Defense Secretary McNamara Testifies Before the Senate
At a press conference in Washington, Defense Secretary Robert McNamara displays a Chinese-made machine gun seized from the Viet Cong in South Vietnam, April 26, 1965 (source) |
Bill Downs
ABC Washington
February 24, 1967
Just about everyone in the country would agree, we think that it's Washington—not Chicago—which should be called the Windy City. And if there is any question that the mass production of words is the main manufacture of this city, then let the doubter try to lift only three months of Congressional Records during a normal session on Capitol Hill.
Which brings us to one of the most inclusive and important government documents published here in Washington at about this time every year. It's put out by the Pentagon and signed by the Secretary of Defense, and unofficially it's called the "military posture" report. This year the report is more than two hundred pages containing some 390,000 words—or about the length of three average-sized novels.

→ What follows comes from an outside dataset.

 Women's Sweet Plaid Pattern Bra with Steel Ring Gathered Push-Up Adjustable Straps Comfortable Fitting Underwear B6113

Defense Secretary McNamara presented it to the Senate Armed Services Committee this week, thus making public a global survey of America's estimate of the military and diplomatic state of the world and the probability of preserving the present piecemeal peace—and preventing a nuclear World War III.
Of course, we Pentagon reporters are allowed to see only the so-called "sanitized version" of the secretary's military posture survey. All military and diplomatic secrets are carefully screened out.

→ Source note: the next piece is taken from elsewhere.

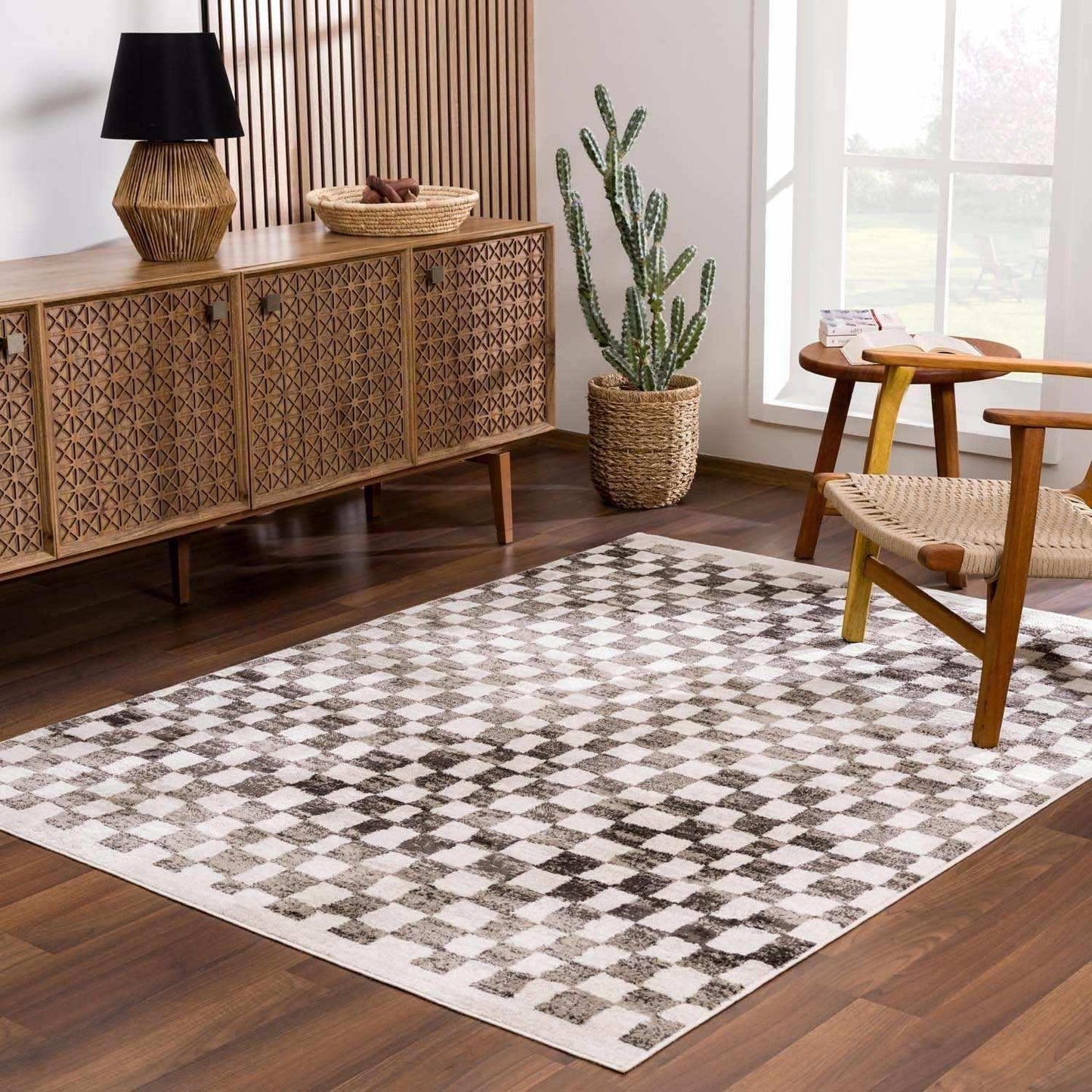 Benjy Cream & Charcoal Checkered Area Rug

But each year the Pentagon makes public for all the world to see the best military, economic, political, and diplomatic estimates the US government can make of the state of American military power as compared with the actual potential threats to our national security around the world.
The McNamara report includes a frank discussion of the "strengths and weaknesses" among the Communist nations, and goes on to assess the condition of peace, or lack of it, in every other section of the globe. There's also a full review of the current condition of the US Army, Navy, Air Force, and Marines, plus the Pentagon plans for strengthening and improving them over the next five years.

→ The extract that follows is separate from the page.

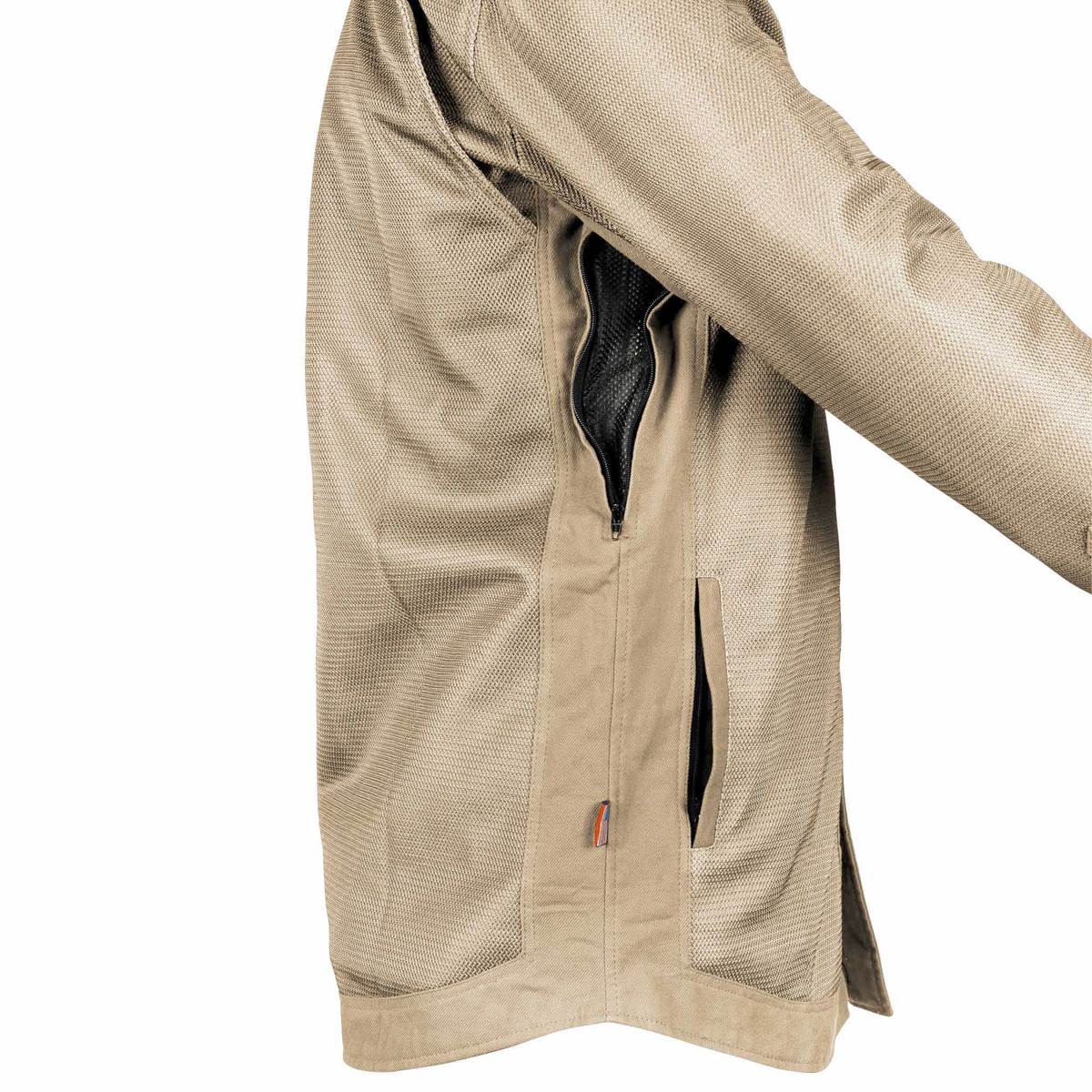 Protective Summer Mesh Shirt - Khaki Solid with Pads - Image 5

Secretary McNamara calls it a "unique document" and unprecedented in the history of nations. Certainly the annual military posture survey is most eagerly sought after—by the military and political columnists who will feed off it for the next twelve months, by the members of Congress both favoring and critical of the Johnson Administration, and both by our friends as well as our enemies overseas who constantly assess the tremendous military power of the United States.
However, the true value and real measure of this carefully qualified exposure of America's defensive and offensive strength lies in the fact that such a report is published at all.
In these days of public debate over America's policies in Vietnam and charges of military and administrative penury, the military posture report, even the sanitized version, is not a statement from a weak, confused, or fearful government or its people.
Personally, we hope Secretary McNamara sends separate copies, airmail special delivery, to Moscow, Havana, Peking, and Hanoi.
This is Bill Downs for ABC News in Washington.